▸ **The task**
Return nothing but the lines from the one with "Molnár Anna, Júlia" through the one with "No Hu Club Game Bài Poker Đổi Thưởng" in the data below, word for word and without pictures.

Records for the task: Begin

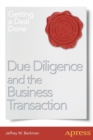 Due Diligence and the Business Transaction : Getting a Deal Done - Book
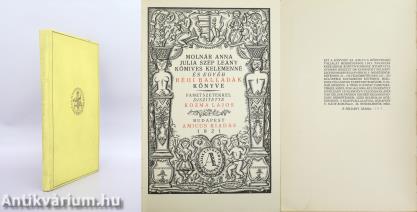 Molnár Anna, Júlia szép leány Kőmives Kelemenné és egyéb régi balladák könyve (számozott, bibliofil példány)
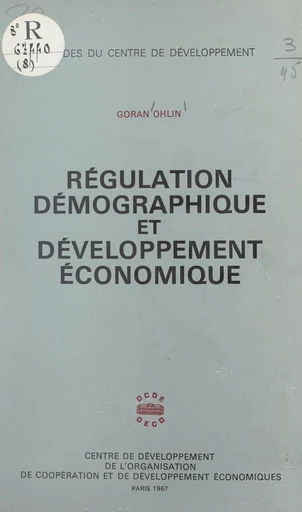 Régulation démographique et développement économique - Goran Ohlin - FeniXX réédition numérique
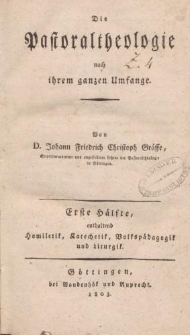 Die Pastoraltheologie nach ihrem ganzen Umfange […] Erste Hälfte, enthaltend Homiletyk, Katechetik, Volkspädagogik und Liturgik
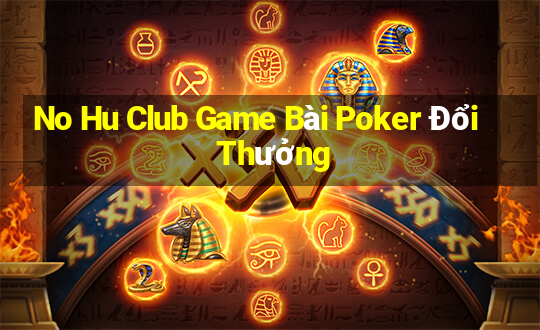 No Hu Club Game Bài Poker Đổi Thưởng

Records for the task: End
Records for the task: Begin

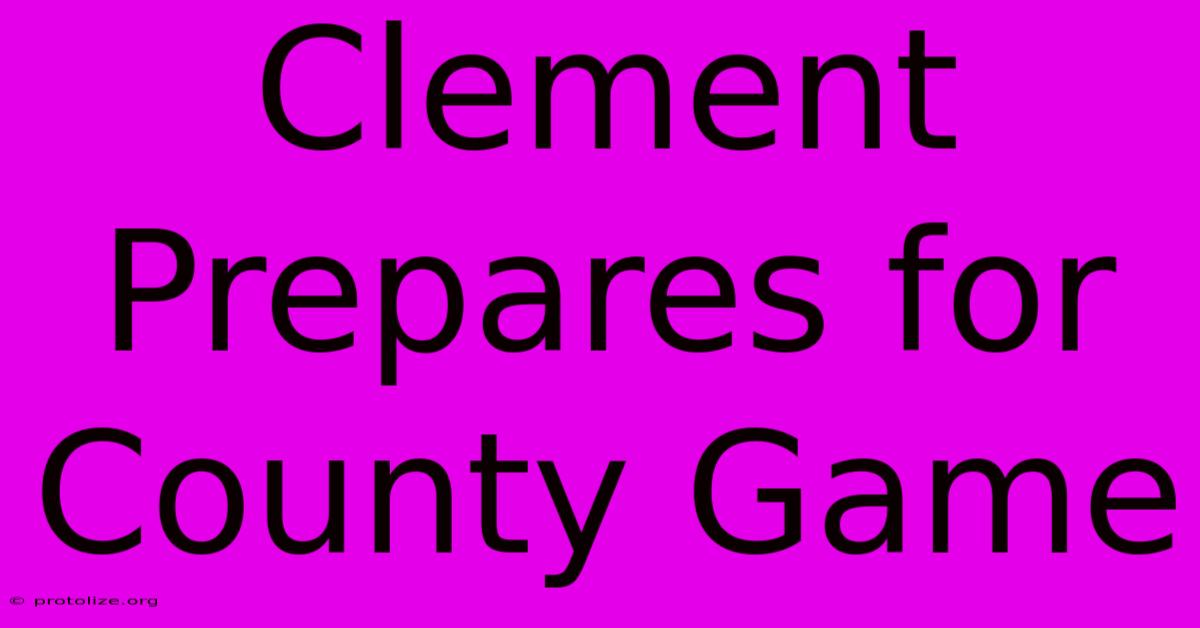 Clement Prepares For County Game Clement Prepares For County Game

Records for the task: End

▸ **Response to the exercise**
 Molnár Anna, Júlia szép leány Kőmives Kelemenné és egyéb régi balladák könyve (számozott, bibliofil példány)
 Régulation démographique et développement économique - Goran Ohlin - FeniXX réédition numérique
 Die Pastoraltheologie nach ihrem ganzen Umfange […] Erste Hälfte, enthaltend Homiletyk, Katechetik, Volkspädagogik und Liturgik
 No Hu Club Game Bài Poker Đổi Thưởng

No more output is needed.